There's a game changer coming to franchising, and the lending community is to thank for it. While it's hard to thank banks for the financial mess they created a few years back, capitalism is built on creative destruction, and what was destroyed within the banking industry is how they evaluated credit. They got it wrong, some banks failed, many businesses and people suffered, and banks now are starting to enter a new period where the old rules are being seriously revised.

As surprising as it may seem, this is a good thing for franchising and will be for years to come (until banks get carried away again and the cycle repeats). Here's how franchising is beginning to win the competition for credit.

We're now in the second phase of a small business credit recovery following the financial meltdown of 2008. The first phase began in 2009 and lasted until 2011. From the lending community's perspective, that period is best described as the "Don't Lose Money" phase. The easiest way not to lose money if you are a bank is not to lend it. A more technical description is that banks between 2008 and 2010 could not properly value their asset portfolios because of market uncertainty. Therefore, they and their regulators could not determine whether the banks had adequate capital reserves. If banks were unsure of capital reserve needs, they certainly weren't going to expand portfolios.

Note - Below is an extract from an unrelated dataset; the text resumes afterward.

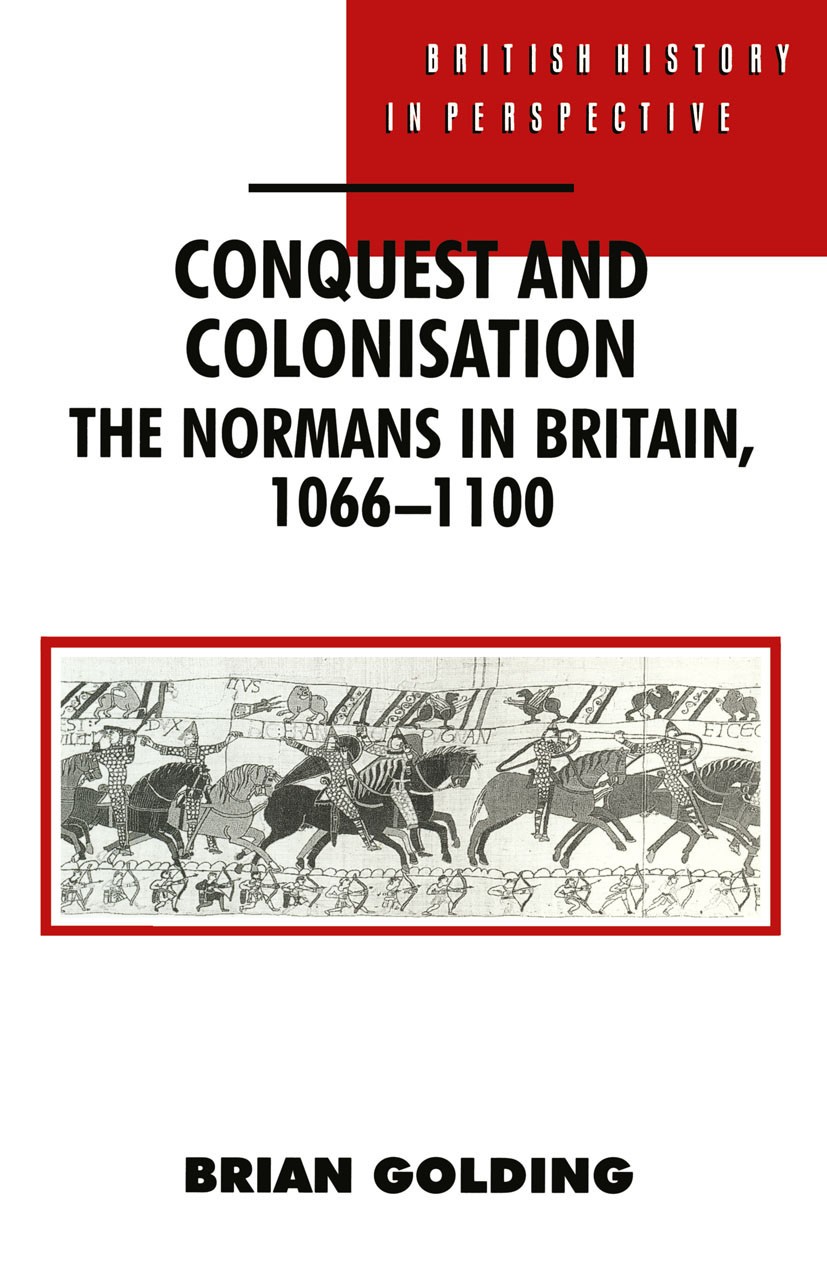 Titlebook: Conquest and Colonisation; The Normans in Brita Brian Golding Textbook 1994Latest edition Macmillan Publishers Limited 1994 bibliography.Br Titlebook: Conquest and Colonisation; The Normans in Brita Brian Golding Textbook 1994Latest edition Macmillan Publishers Limited 1994 bibliography.Br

The second phase started a multi-year transition away from "Don't Lose Money" to a focus on earnings as portfolios get cleaned up and capital reserve levels become clearer. There's no immediate rush to make money, but the most significant way banks make money is to put loans on the books. Most banks are flush with cash and have the same miserable returns on short-term investments that we all have.

In 2012, we all have been seeing a return to lending, but only to the lowest-risk borrowers. So far, pricing for different levels of risk isn't happening. Higher-risk loans just aren't being made at any price. When we see evidence of interest rate differentiation and term structures for different levels of small-business loan risk, we'll be moving into the third and final phase of lending recovery. That's another few years down the road.

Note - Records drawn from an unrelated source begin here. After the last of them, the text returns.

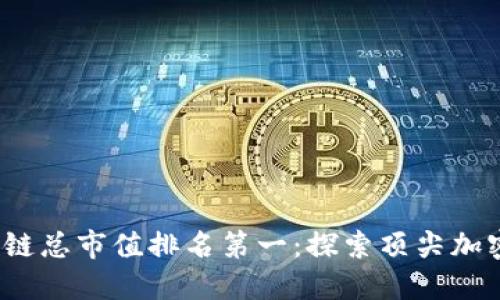 2023年区块链总市值排名第一：探索顶尖加密货币的未来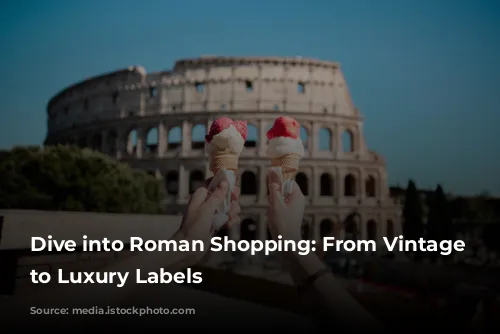 Dive into Roman Shopping: From Vintage Finds to Luxury Labels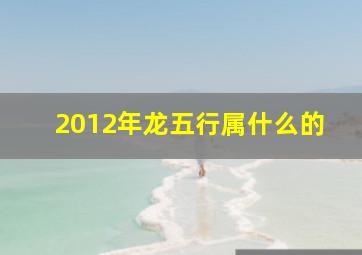 2012年龙五行属什么的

What does all this have to do with how franchising is gaining a competitive advantage in the competition for credit? A lot. Here's why. Business lending is all about assessing risks related to the borrowing company's future performance, the management team responsible for making the business work, and the industry dynamics where the company is operating. The better the information about each of these risk categories, the more comfortable a lender becomes about answering a simple question in credit committee: "What's the probability we'll get our money back on the terms we're considering?"

Here's where franchising is going to become a sustainable, distinct asset class for the first time in the history of small-business lending. A lender considering a loan request from an independent business can assess risk only four ways: that company's business history; some general industry statistics (which is why SBA data, despite often being very inaccurate is often used); the bank's own portfolio experience (assuming they have any with a particular industry or brand); and a gut feeling for the people signing on the loan application. In this second, current phase of lending recovery, the lack of confidence in these risk assessments leads to a lot of the conservative lending we are all experiencing. Yet franchising has something huge to add: performance history.

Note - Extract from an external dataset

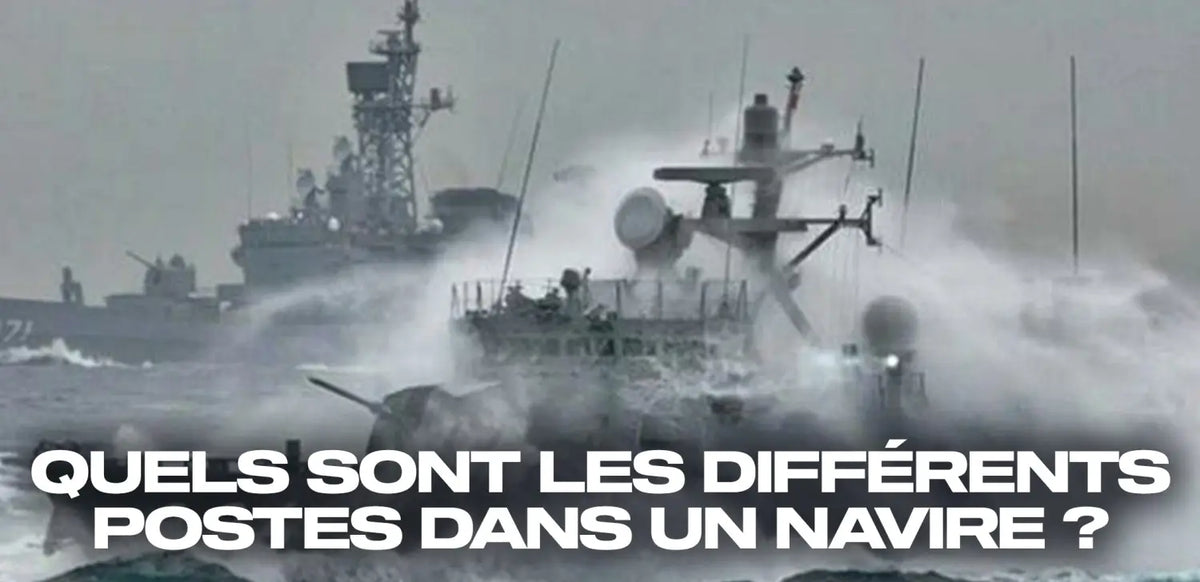 quels-sont-differents-postes-dans-navire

Franchising is built on uniformity and conformity. If a lender can look at the right types of credit performance history of a brand, that lender has a much more confident answer to the question of whether they will get their money back. Bank Credit Reports answer that question, and in doing so change the small-business lending game in favor of franchising--not because all franchise brands are lower risk, but because franchise brands can show exactly what risk they represent to a lender. That has never been done before, and it is the game changer.

Of course, lenders need easy access to Bank Credit Reports, FDDs, and other underwriting information, and now they have it. More than a year in development, with input from franchisors and lenders under the auspices of the IFA and the Consumer Bankers Association, the vastly upgraded Franchise Registry is housing underwriting information on thousands of franchise brands, all of which is available to lenders only. What some have dubbed franchising's unfair competitive advantage in the competition for small-business credit is happening.

And this is just the start. The Franchise Registry, in addition to putting all this underwriting information alongside the simplified and improved SBA franchise loan documentation tools, is adding business development tools for all conventional as well as SBA lenders to screen franchise brands based on lender underwriting criteria--and, even better, to evaluate and connect with prospective franchisees during the franchise development process. This will align the lending process much more closely with the franchise development process. I'll explain more on that unprecedented set of capabilities in a future article. All these developments initiated in the second half of 2012 will demonstrate to everyone how franchising is winning the competition for credit.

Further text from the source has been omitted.